> **The problem**: Write out word for word the lines from the one holding "El éxtasis del" through the end of the data, and only those lines. Pictures stay out.
_ _ _ _ _ _ _
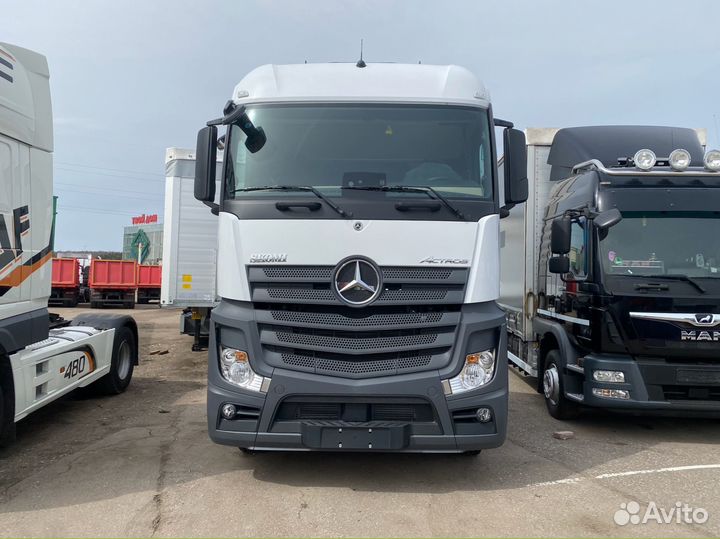 Mercedes-Benz Actros 1848 LS, 2024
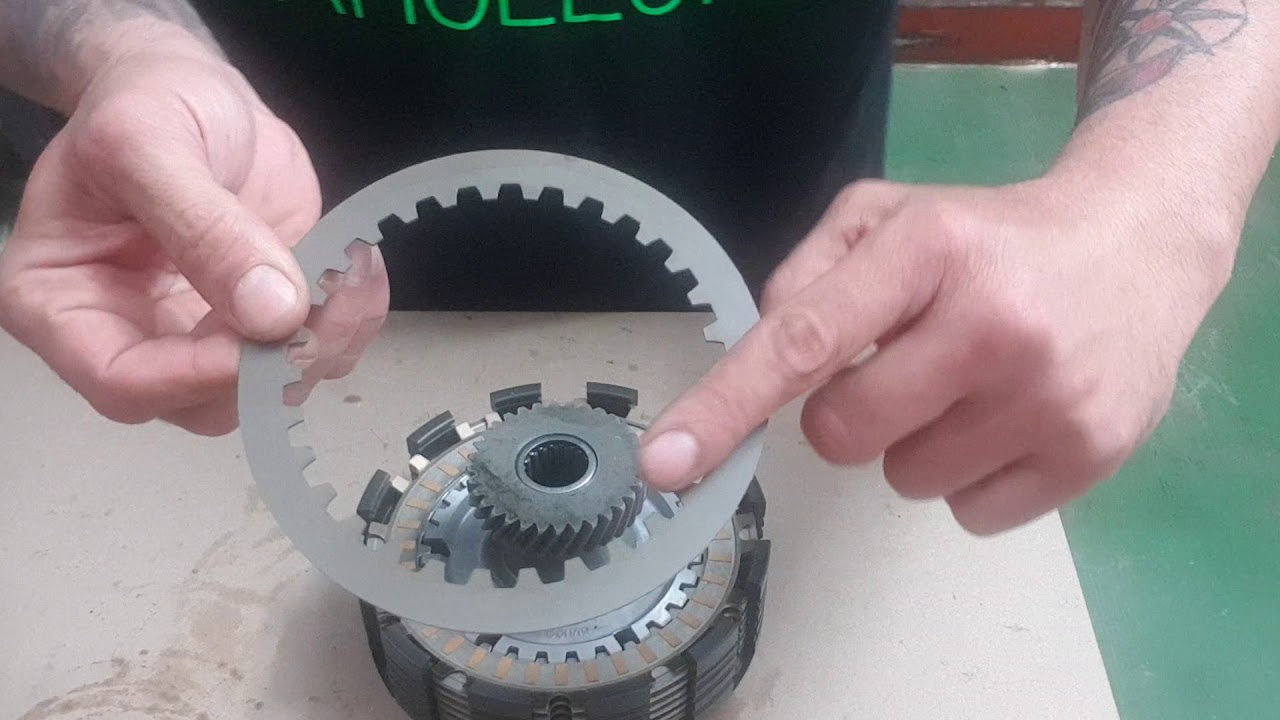 Montaje discos y embrague JCosta
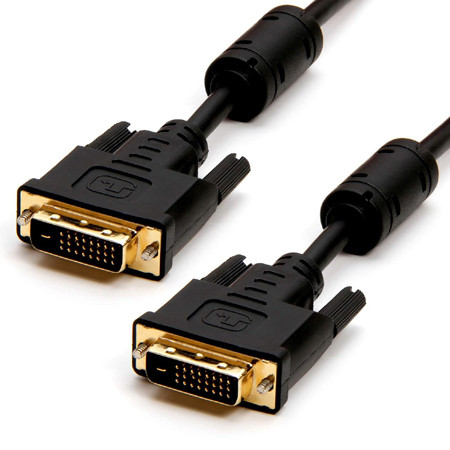 Cablu dvi single link tata - tata 5m                                                                                                                                                                                                                      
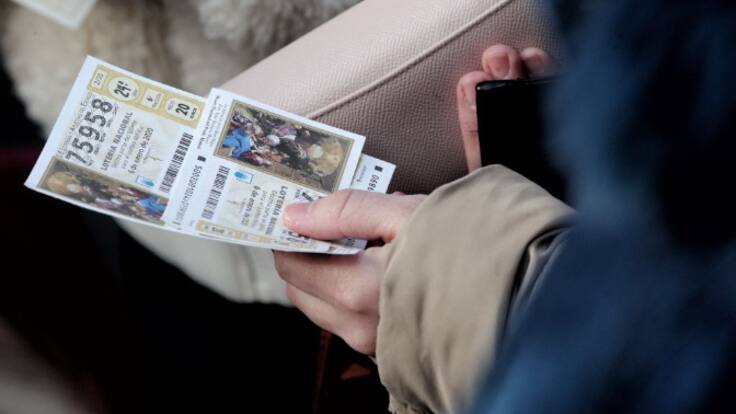 José Luis rodríguez Cueto, Administración de Lotería en El Corte Inglés.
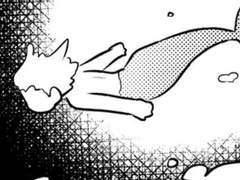 거인 여자의 시체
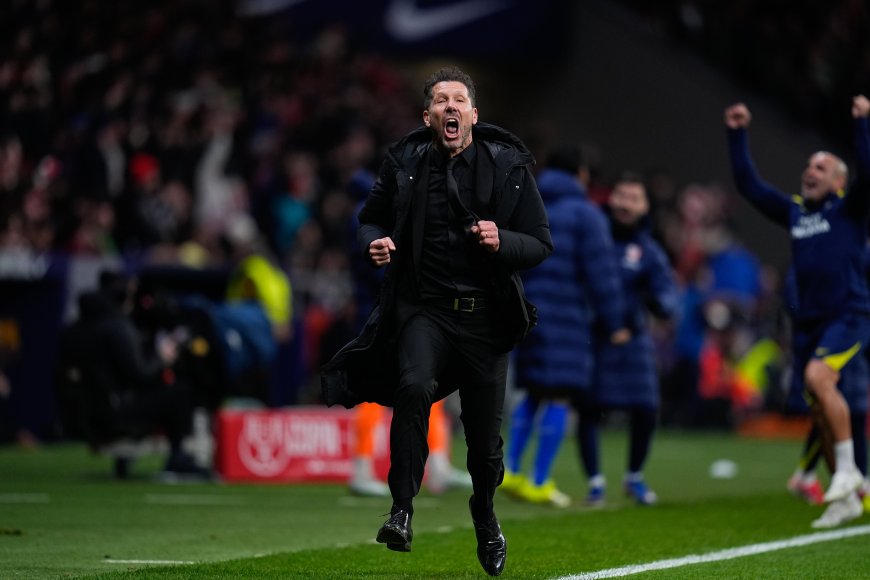 El éxtasis del Metropolitano contagia a Simeone: “La vida es energía y hoy la vivimos en el estadio”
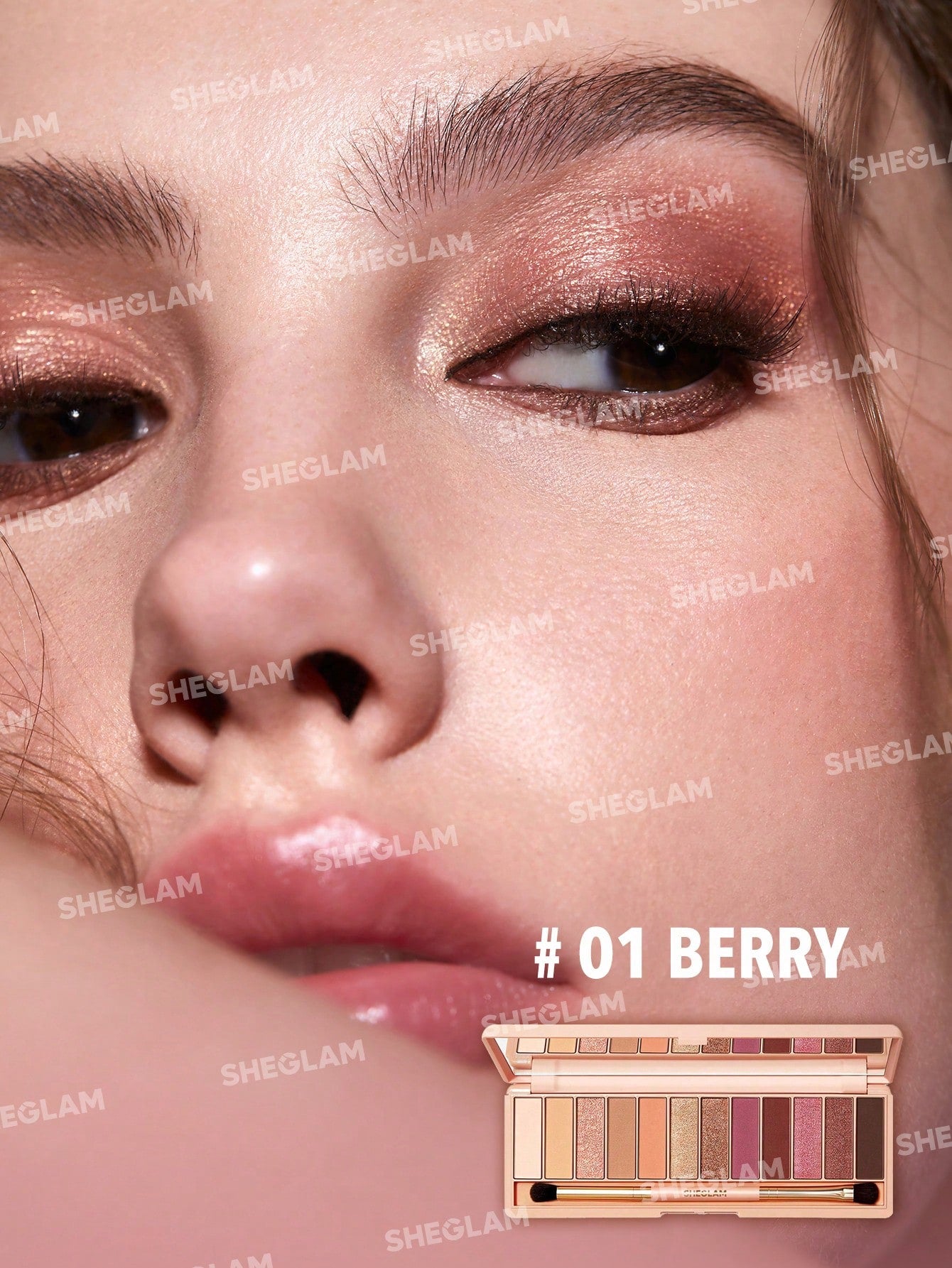 Paleta de sombras Sheglam Berry Palette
_ _ _ _ _ _ _
> **Solution to the exercise**:
 El éxtasis del Metropolitano contagia a Simeone: “La vida es energía y hoy la vivimos en el estadio”
 Paleta de sombras Sheglam Berry Palette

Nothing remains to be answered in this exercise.